Est-ce à dire que l’économie ou la sociologie n’ont rien à voir avec les NTIC ? certes non, puisqu’elle doit répondre aux problèmes que pose leur bonne utilisation : les exogènes étant modifiées, comment « faire au mieux avec ce que l’on a » et qui est nouveau ? comment faire évoluer des institutions adaptées aux exogènes antérieures, mais qui ne le sont pas nécessairement aux exogènes nouvelles ? comment définir le « savoir vivre » nouveau qui permettra de préserver la cohésion sociale dans une société bouleversée par l’innovation ?

Cette tâche n’est pas facile. Considérons les efforts que doivent réaliser les entreprises pour modifier les processus et les conditions de travail des opérationnels de la première ligne ; adapter les périmètres des directions, les missions et les espaces de légitimité des dirigeants, les indicateurs de pilotage ; équiper et faire évoluer les relations avec les clients, partenaires et fournisseurs etc.


[1] Andrew Tanenbaum, Operating Systems, Design and Implementation, Prentice-Hall 1987.

[2] « Open Systems Interconnection » publié de 1977 à 1986 par l’International Standard Organization.

[3] Andrew Tanenbaum, Computer Networks, Prentice-Hall 1989.

[4] Ferdinand de Saussure, Cours de Linguistique générale, Payot 1916, p. 27.

[5] Karl Popper, Objective Knowledge, Oxford University Press, 1979 ; traduction La connaissance objective, Flammarion 1998, p. 181.

[6] Maurice Blondel, L’Action, Félix Alcan 1893, p. XXII.

[7] Michel Foucault, Les mots et les choses, Gallimard 1966, p. 150.

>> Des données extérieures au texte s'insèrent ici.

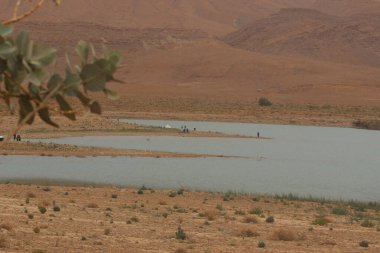 Fas 'taki Al-Hassan Addakhil Gölü olarak bilinen Errachidia Gölü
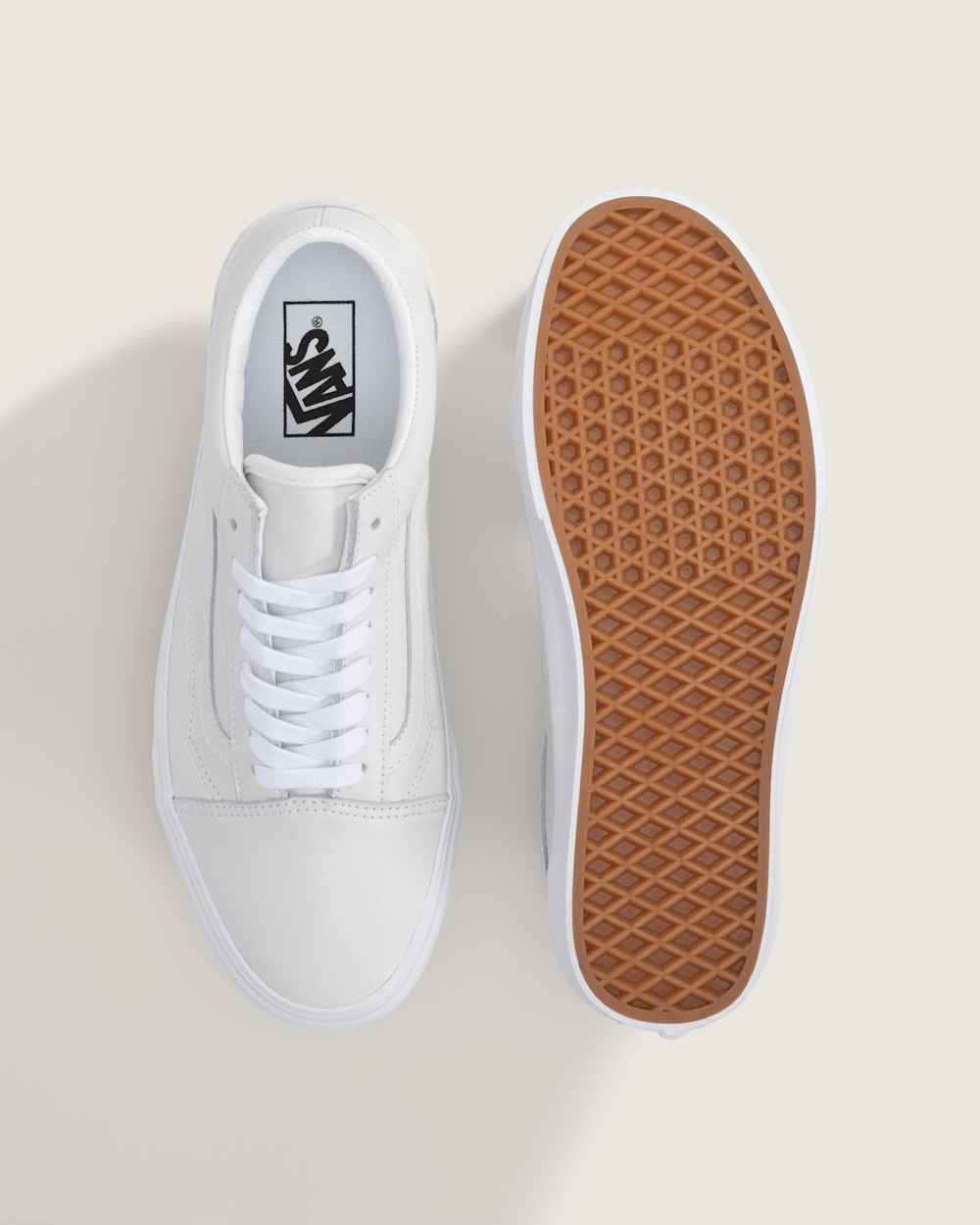 Old Skool Shoe in True White | Vans outlet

[8] Michel Volle, Analyse des données, Economica 1997, p. 251.

[9] Paul Cézanne, La montagne Sainte-Victoire vue de Bellevue, 1882-1885, New York, Metropolitan Museum of Art.

[10] Pour expliciter la façon dont la machine exécute les algorithmes et donner à ceux-ci la forme précise et complète que seule procure l’écriture d’un programme, Donald Knuth  a défini l’ordinateur MIX (1009 en chiffres romains) et le langage assembleur MIXAL (Donald Knuth, The Art of Computer Programming, Addison Wesley 1997, pp. 124 et 144). Le lecteur peut ainsi, moyennant un effort d’attention, comprendre entièrement la façon dont l’algorithme est exécuté et en déduire les limites du calcul, la durée d’exécution etc. Pour tenir compte de l’évolution des processeurs Knuth a aussi défini le MMIX (2009) dont on trouve la description sur son site http://www-cs-faculty.stanford.edu/~knuth/ .

[11] Donald Knuth , The Art of Computer Programming, Addison Wesley 1997, p. 170.

[12] Ferdinand de Saussure, Cours de Linguistique générale, Payot 1916, p. 27.

[13] « Nouvelles technologies de l’information et de la communication » (il aurait mieux valu dire « nouvelles techniques » : le mot « technologie », dont l’étymologie est « discours sur la technique », est emphatique).